1990 DRC Domaine de la Romanée Conti La Tâche Grand Cru

SKU #1043543 99 points Allen Meadows - Burghound

 A stunning, highly expressive and completely classic La Tâche nose that displays almost unbelievable complexity so with many different elements that it is impossible to even begin to describe them all; the primary components include ethereal and still fresh pinot fruit, clove, knock out spiciness, anise, hoisin, soy and a trace of earth but these elements only hint at the sheer depth. The flavors are big, rich, refined, classy, penetrating and superbly powerful yet everything is in perfect balance and there is more than sufficient sève to balance off the still considerable tannins. The finish is intense, pure and so long that it is haunting; I could literally still taste this wine days later after I had it because it had such a dramatic and emotional impact. In its youth, this was one of the finest young Burgundies that I have ever been privileged to try and it only seems to get better with each passing year. For my taste, this is getting close to arriving at its peak though again I stress that this is to my taste and some may find it to already be in its sweet spot of maturation. In short, this is absolutely brilliant.

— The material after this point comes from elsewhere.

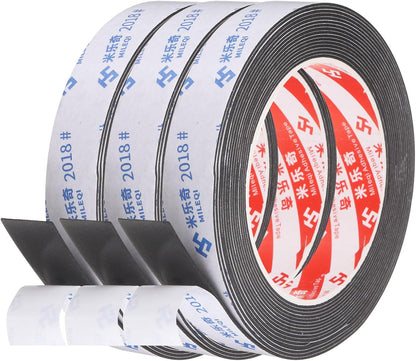 PATIKIL Sponge Rubber Foam Tape, 5/8" W x 1/8" t x 16.4ft l Self-Adhesive Foam Insulation Tape Weather Stripping for Window Door Soundproofing Weatherstrip AC Seal Strip, Black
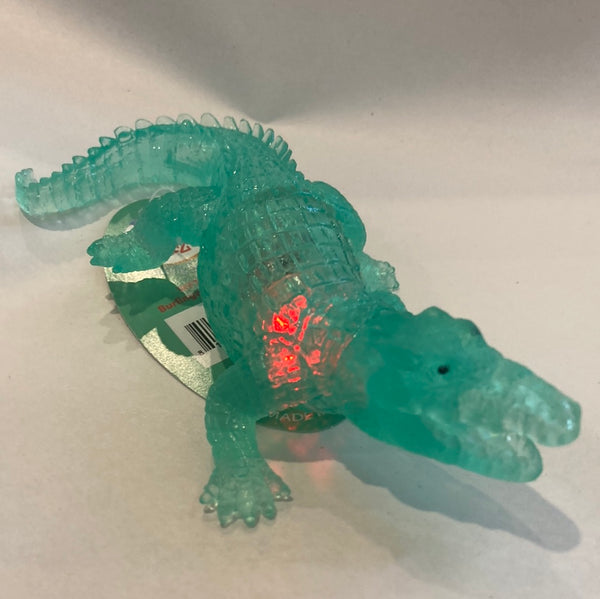 Multicolor Flashing Squishy Gel Alligator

Note that while I have had relatively consistent notes, I have had two bottles that were a bit astringent on the finish and not in the class of what I describe above.  (6/2016)

98 points Vinous

 The 1990 La Tâche saturates the palate with extraordinary depth and intensity. Hoisin, mocha, exotic spices, leather, licorice and plums meld together in the glass. Powerful and unctuous to the core, the 1990 has it all. This is an especially fine bottle of the 1990. Wow! The 1990 is ripe, voluptuous and racy, yet it retains just enough freshness to balance all of the intensity. The creamy, unctuous finish alone is captivating. This is a fabulous bottle of the 1990 and a total dream wine. (AG)  (5/2016)

97 points Wine Spectator

 Brilliant aromas of sweet cherry, strawberry and spice herald ripe sweet fruit on the palate. It's concentrated and beginning to show some maturity as truffle and forest underbrush notes emerged over time. There's terrific balance between all the elements, followed by an excellent finish. --La Tâche non-blind vertical. Best from 2010 through 2030.  (6/2006)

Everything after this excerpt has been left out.